■ **Problem details**: Output the data in full. Keep every word exact and exclude the pictures.

■ **Provided data**:
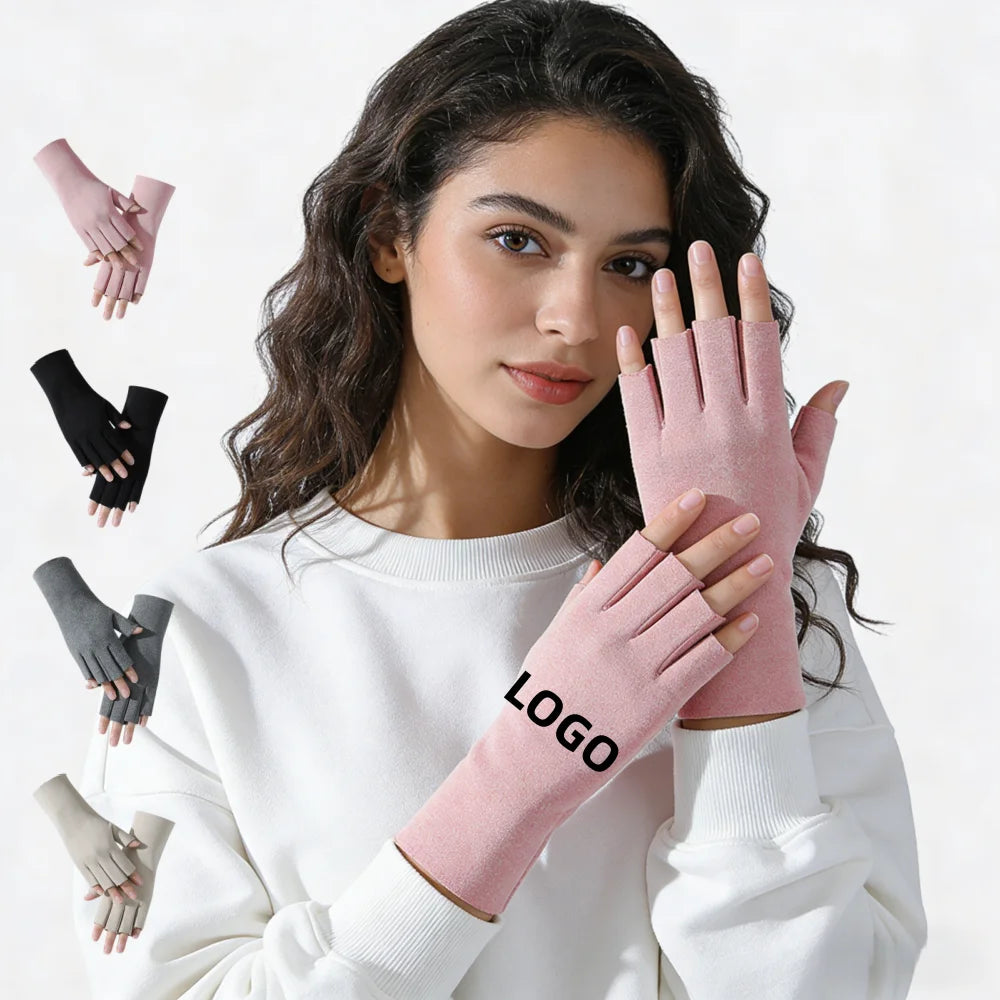 Fashion Ladies Office Typing Half Finger Touchscreen Warm Daily Commuting Driving Cycling Gloves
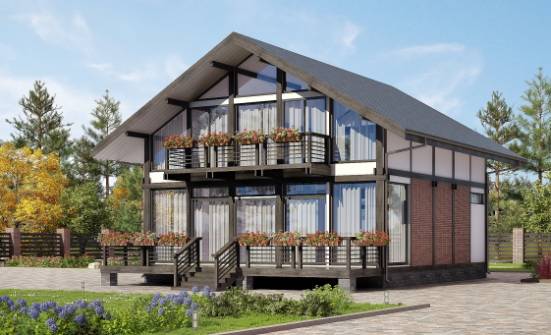 170-007-П Проект двухэтажного дома с мансардой, современный загородный дом из дерева Пермь | Проекты домов от House Expert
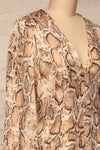 Arlene Beige Snake Print Dress | Robe | La Petite Garçonne side close-up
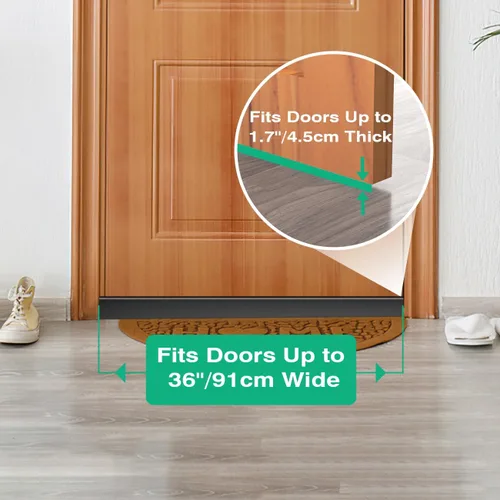 Vista 7 de Lewondr Door Draft Stopper 36 Inch Waterproof Under Door Draft Noise Blocker Soundproof Cuttable Trapezoid Strong Adhesive Weather Stripping Door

■ **Result below**:
 Fashion Ladies Office Typing Half Finger Touchscreen Warm Daily Commuting Driving Cycling Gloves
 170-007-П Проект двухэтажного дома с мансардой, современный загородный дом из дерева Пермь | Проекты домов от House Expert
 Arlene Beige Snake Print Dress | Robe | La Petite Garçonne side close-up
 Vista 7 de Lewondr Door Draft Stopper 36 Inch Waterproof Under Door Draft Noise Blocker Soundproof Cuttable Trapezoid Strong Adhesive Weather Stripping Door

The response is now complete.